Please join writer-in-residence Susan Crean and author Larry Wong for a writing life workshop for unpublished and beginning writers who are writing memoir or personal history.
Participating in this workshop will help writers answer the following questions:
– What do I do about the gaps in the story?
– How do I make it interesting for others to read?
This workshop is open for a total of 7 participants. Participants will submit up to 15 pages of work for discussion during the workshop.
To register, email kogawahouse@yahoo.ca
Larry Wong is a local historian and past president of the Chinese Canadian Historical Society, and author of Dim Sum Stories: A Chinatown Childhood, about his childhood in Vancouver’s Chinatown of the 1940s to 60s. Wong’s personal short stories reveal a world filled with people from diverse ethnic backgrounds.
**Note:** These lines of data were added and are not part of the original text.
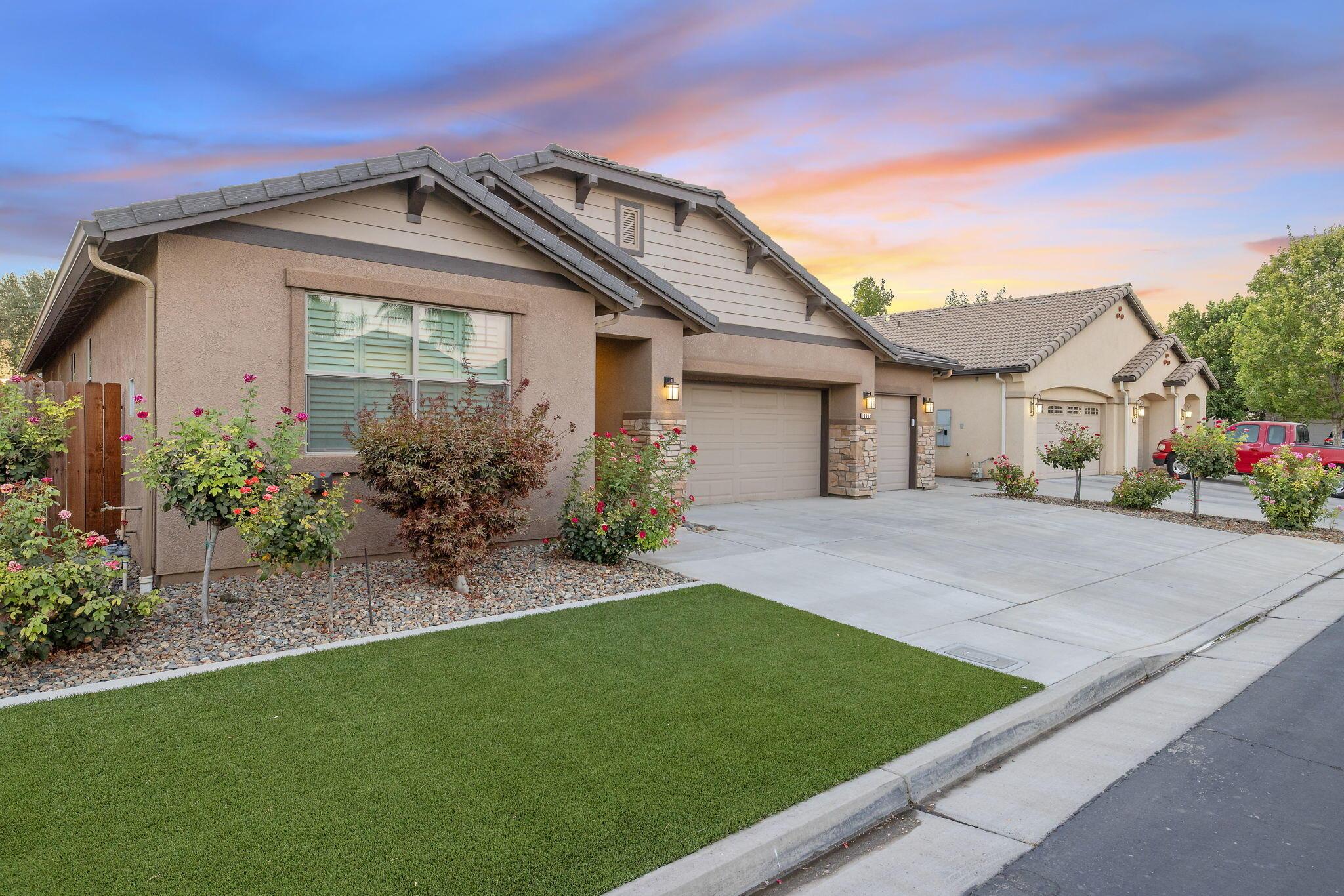 Visalia, California, 93277, United States, 3 Bedrooms Bedrooms, ,2 BathroomsBathrooms,Residential,For Sale,1937034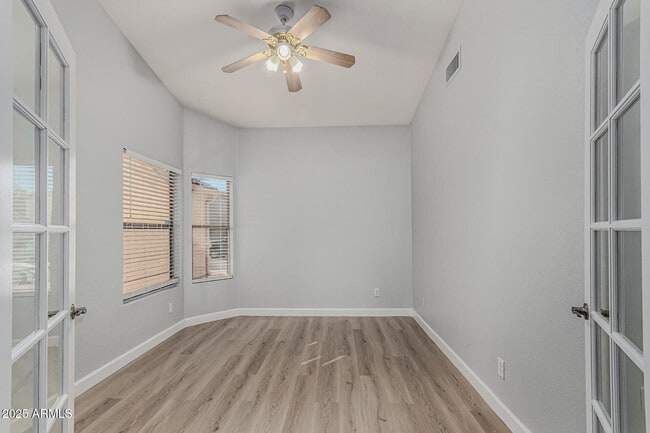 Building Photo - 6410 W Buckskin Trail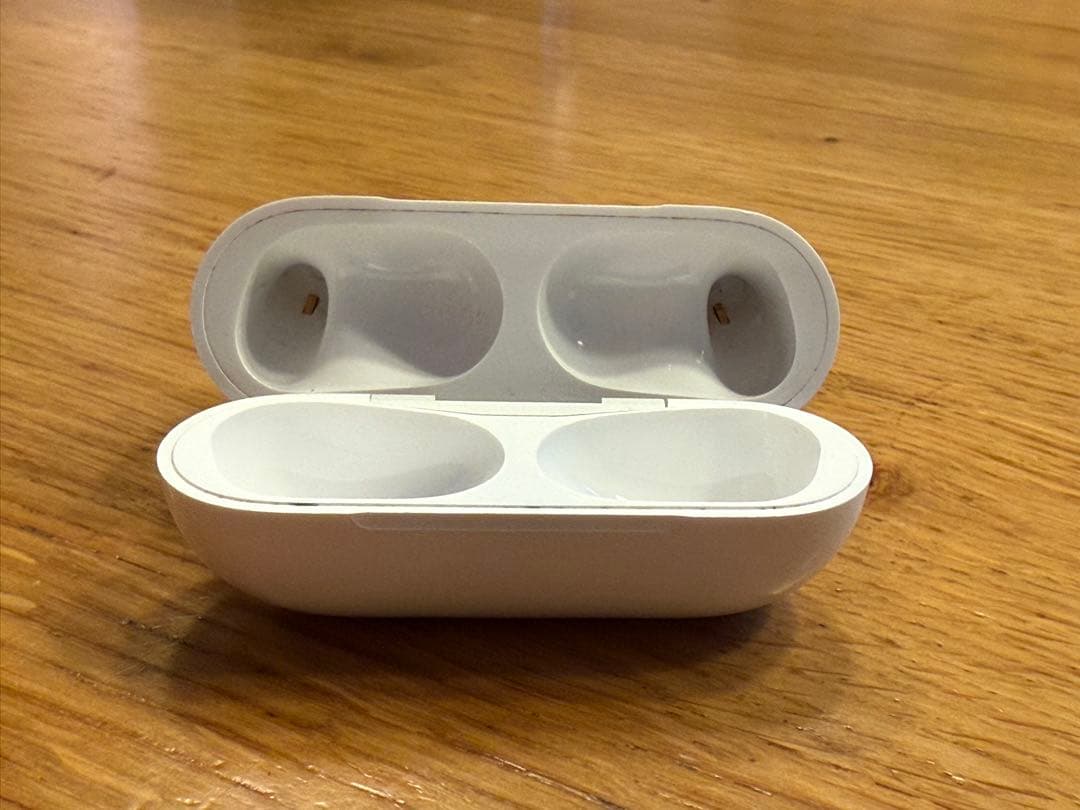 AirPods Pro 本体 充電ケース付き　純正　エアーポッズプロ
Susan Crean is a writer, editor and cultural critic whose most recent book, The Laughing One: A Journey to Emily Carr, was nominated the Governor General’s Award for Literature in 2001 and won the Hubert Evans Prize for Non-Fiction in British Columbia. She is a frequent contributor to magazines such as Geist, This and The Capilano Review. She was the first Maclean-Hunter Chair in Creative Non-Fiction appointed at the University of British Columbia. Susan Crean is currently working on a major book about a head-tax payer, Mr. Wong Dong Wong, whose life she has been researching for the past two years. The book is a large undertaking, and like Crean’s book on Emily Carr, combines the genres of history, biography, journalism and memoir.